Jerzy Kaźmirkiewicz (Polish pronunciation: [ˈjɛʐɨ kaʑmirˈkʲevit͡ʂ]; 24 April 1924 – 21 May 1977) was a Polish scientist and university professor, a specialist in wood industry at the Warsaw Agricultural University (SGGW).
Biography
He was born 24 April 1924 in Gąsewo near Pułtusk, Poland, to a family of a teacher at the local manor. Before the war the family moved to Pułtusk, where Jerzy's father became a teacher at the local primary school. There Kaźmirkiewicz formed a Scouting troop for boys.[1] Shortly after the outbreak of the Polish Defensive War and the German take-over of Poland, both Jerzy and his father found themselves on the proscription lists of the Gestapo. Arrested in December 1939, both were sent through Auschwitz and the Dachau concentration camp to Mauthausen-Gusen concentration camp, where they spent the entire war as political prisoners.[1]

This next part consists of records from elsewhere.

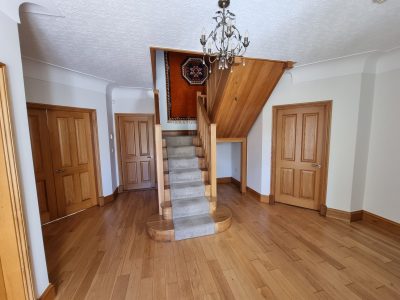 a wooden staircase leading to a hallway with wooden flooring in a home scaled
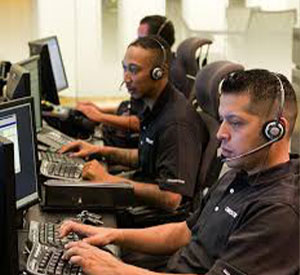 Christie tech support team wearing phone headsets and working on computers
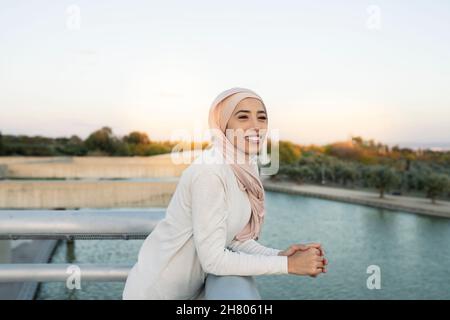 Fröhliche arabische Frau in Hijab, die mit einem Lächeln in die Ferne blickt, während sie sich am Wasser in der Nähe des plätschernden Flusses auf Metallgeländer stützt Stockfoto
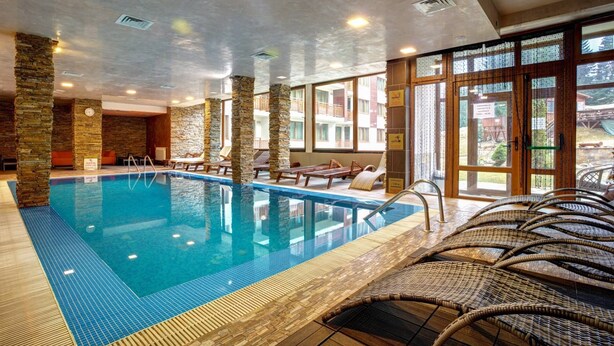 Une piscine intérieure dotée de piliers en pierre, de chaises longues et offrant une vue sur l’extérieur.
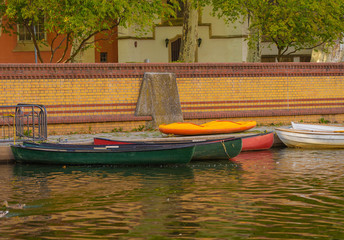 Fototapeta na wymiar bunte Boote liegen an einer Mauer am Ufer, im Hintergrund Häuser und Bäume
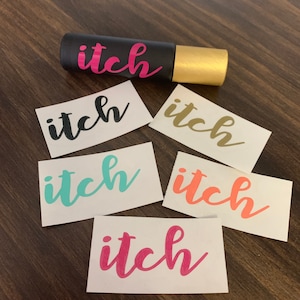 May include: Six white stickers with the word "itch" written in different colors: black, gold, teal, orange, and pink. A black roller bottle with a gold cap also has the word "itch" written on it.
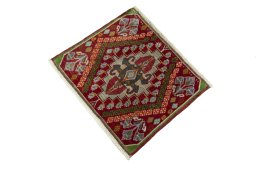 Corner detail of 2000s Shiraz rug showing border pattern and Wool pile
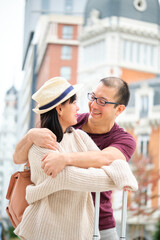 Obraz premium Multiracial couple of tourists smiling, hugging and looking at each other. Sightseeing in Madrid, Spain.
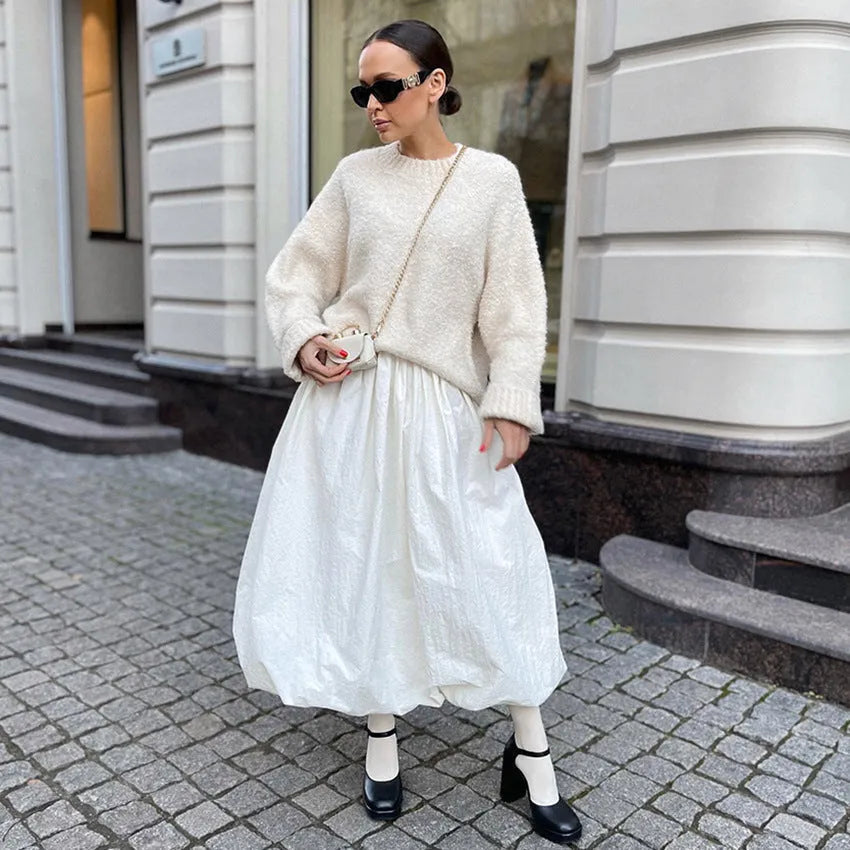 Women's solid colour cotton long skirt on a hanger, available in black or white.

Liberated in 1945, they returned to Pułtusk, where Jerzy recreated the scouting troop in the school, now headed by his father. After his matura exam, he graduated from the Warsaw-based Main School of Agriculture and started his university career there. With the grade of docent he became the head of the Faculty of Wood Technology (WTD). One of the most notable specialists in technology of wood processing, he authored numerous works on the topic. He also became a co-founder of several wood processing plants in Poland and Yugoslavia. Apart from his university career, he was an active member of the ZBoWiD veterans organization and initiator of the construction of several neighbourhoods in the city of Warsaw financed by the university workers. He died of a stroke on 21 May 1977 and is buried at the Powązki Cemetery.
References
Citations
- 1 2 Dobosiewicz 1980, pp. 126–127.
Bibliography
- Dobosiewicz, Stanisław (1980). Mauthausen/Gusen; Samoobrona i konspiracja [Mauthausen/Gusen: self-defence and underground] (in Polish). Warsaw: Wydawnictwa MON. p. 486. ISBN 83-11-06497-0.